Per questo stamattina Confagricoltura Belluno e Cia Belluno sono andati in Regione a illustrare il grave stato della zootecnia montana, chiedendo un sostegno urgente agli allevatori di montagna. Erano presenti Gianni Slongo, rappresentante per il settore latte di Confagricoltura Belluno; Luca Cosul e Mauro Alpagotti, presidente e direttore di Cia Belluno; e Gianluca Fregolent, direttore del settore sviluppo economico della Regione Veneto. Al tavolo era attesa anche Coldiretti, che non si è presentata.
Nell’incontro gli esponenti delle organizzazioni hanno ribadito che il lattiero caseario rimane un settore di vitale importanza del territorio bellunese, ma che senza misure di sostegno rischia di scomparire.

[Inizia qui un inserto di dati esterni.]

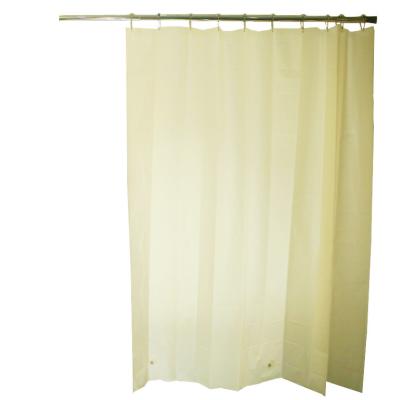 China Viable Wholesale Beige Shower Curtains For Hote Hookless Shower Curtain Liner Curtain Customized for sale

Le proposte messe sul tavolo sono di un contributo in conto interessi, un aumento dell’indennità compensativa, l’aumento del contributo sfalci per la salvaguardia del territorio, una riduzione dell’accise sul gasolio, un intervento sulla raccolta del latte e misure specifiche nel prossimo Psr.
“Decine di nostre aziende si avviano verso la chiusura – ha spiegato Gianni Slongo -. Non hanno risorse finanziarie per affrontare le spese correnti, dagli alimenti per gli animali al gasolio, perché stanno lavorando in perdita. Nel 2018 il latte in provincia di Belluno è stato pagato con un acconto di 35 centesimi al litro, quando i costi di produzione per il latte di montagna vanno dai 45 ai 55 centesimi. I contributi del fondo latte arrivati in primavera sono stati una boccata d’ossigeno, ma non bastano a coprire i mutui e gli indebitamenti effettuati per gli investimenti di questi anni. Abbiamo bisogno che la Regione ci sostenga perché ogni soldo investito in una stalla montana rappresenta non un onere, ma un investimento per garantire il presente e assicurare un futuro alle giovani generazioni”.

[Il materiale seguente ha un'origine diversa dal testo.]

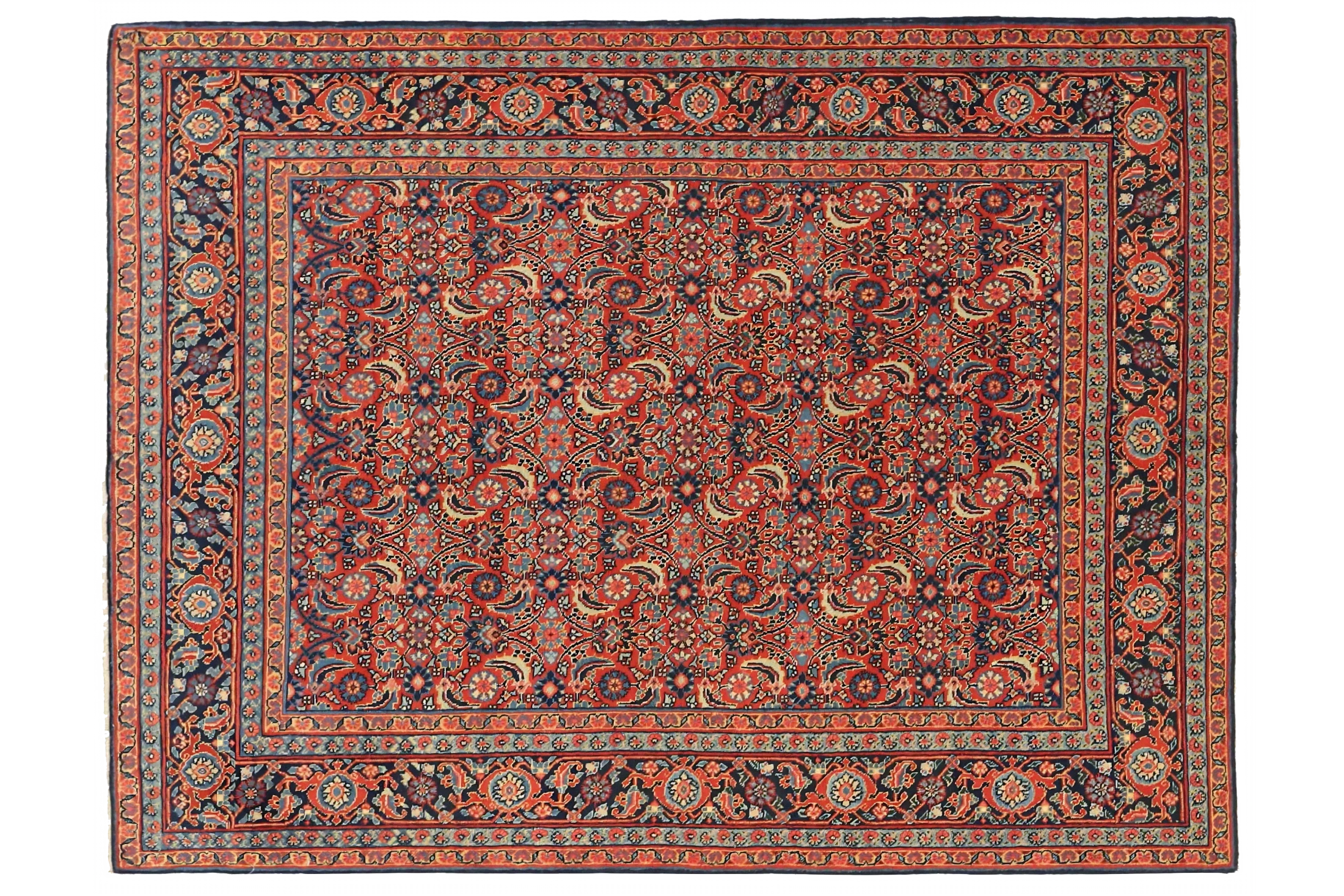 Antique Persian Tabriz Traditional Rug 11110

Cosul ha rimarcato come sia impensabile che il latte di montagna possa essere remunerato come quello di pianura: “Noi svolgiamo un servizio per il territorio e per l’ambiente. Il presidio di montagna ha ricadute positive anche per quanto riguarda l’aspetto idrogeologico e crea un indotto economico in aree marginali, che ha ancora spazio per l’insediamento di attività produttive al contrario delle zone industriali di pianura, già cariche di allevamenti. Chiediamo aiuti smart, cioè veloci e diretti, per sostenere aziende che altrimenti saranno costrette alla chiusura. Ricordiamo che ogni ettaro che gli agricoltori perdono equivale al bosco che avanza e quindi a un’incuria sotto il profilo agronomico e ambientale”.

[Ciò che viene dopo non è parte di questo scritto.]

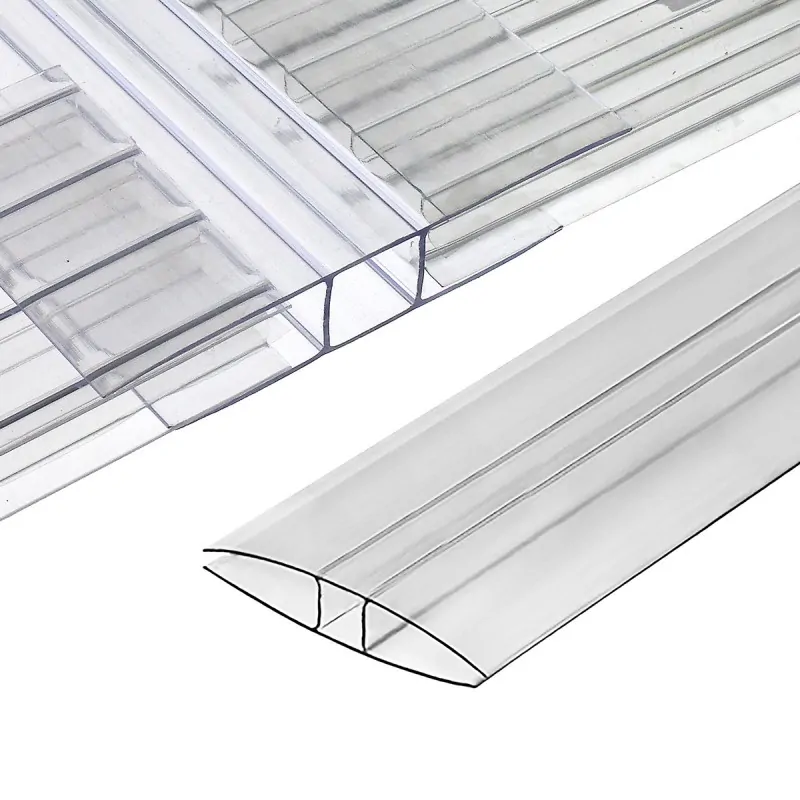 Polycarbonate sheet Η profile 6mm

Sia Cia che Confagricoltura hanno stigmatizzato l’assenza di Coldiretti: “Era importante che a un incontro convocato urgentemente per una crisi così grave del latte fossero rappresentate tutte le associazioni. Auspichiamo che quanto accaduto oggi non si ripeta più e che in questi frangenti si parli un’unica lingua, in rappresentanza di tutti i produttori”.